7/22(金)〜8/30(火)石川県立伝統産業工芸館
※終了しました。
漆、金工、染色、陶磁、木工、和紙 etc.「ほぼすべての伝統工芸のジャンルが揃う」とも言われる金沢。後継者不足は他の地方同様、喫緊の課題だ。
だからといって「伝統工芸だから守らなくてはならない」といった義務感を押し付けるのではなく、「ものをつくりだす喜び」という、子ども達の内側からのエネルギーを喚起させるようなイベントが、7月22日(金)〜8月30日(火)の間、石川県立伝統産業工芸館で開催されている。
いつもはどこか厳粛な雰囲気が漂う伝統産業工芸館に、このときばかりはカラフルでポップな「修業小屋」がずらり。

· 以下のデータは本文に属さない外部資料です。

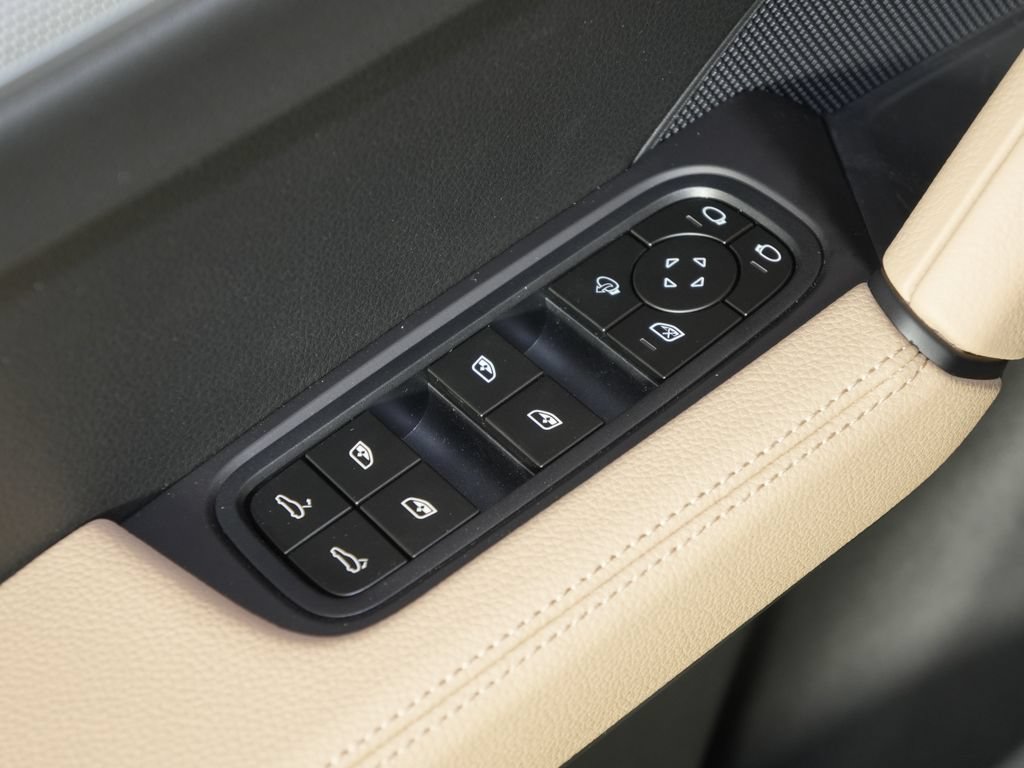 New 2026 Porsche Cayenne Coupe AWD/4WD image 16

それぞれの小屋には「うるし」「土」「布」「木」などと書かれた提灯が下がり、参加者はどの順番でも何軒でも自由に参加できる(ワークショップは有料)。平日は「蒔絵にあこがれて砂絵」「エプロンに加賀友禅染め」「木の人形にえつけ」といった子ども達だけでできる「ひとり修業」が用意されていて、週末になると実際に師匠(工芸作家)がやってきて、箔貼りやろくろ体験など様々なテーマで手ほどきが受けられる。

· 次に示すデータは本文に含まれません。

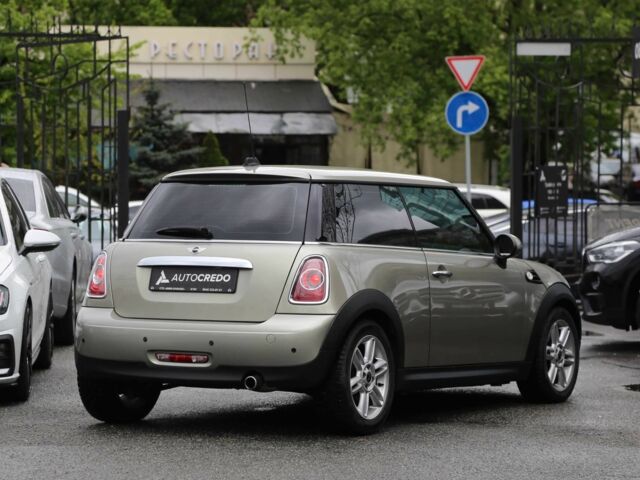 Білий Міні Cooper, об'ємом двигуна 0.16 л та пробігом 93 тис. км за 8700 $, фото 5 на Automoto.ua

もちろん、ワークショップだけでは、長年研鑽を重ねてきた職人のように上手く作品はつくれない。しかし、子ども達はここで「ものづくりの心得」に触れているのだと思う。「こども工芸修行」パンフレット序文には次のようにある。
「弟子のみなさんへ
じょうずじゃなくてもいい
きもちをこめてつくりましょう。
(中略)
この小屋では、じょうずにつくることはだいじではありません。
ものをつくるたのしみほか、ものをしんけんに見ること、自分の好みやきょうみを知ること、自分が使うものは責任をもってえらび、だいじに使い続けること、などなど。すこしでも感じてもらえたらうれしいです」
金沢は子どもを下手に甘やかさない。今はわからなくても、“ほんもの”と対峙させようとする。それは物であっても、言葉であっても。「こども工芸修行」はちょうど夏休みが終わる8月30日(火)まで開催中。「おとなだって元こども。こどものこころになれるなら弟子になれますぞ」とのことなので、ぜひ親子で参加してみて欲しい。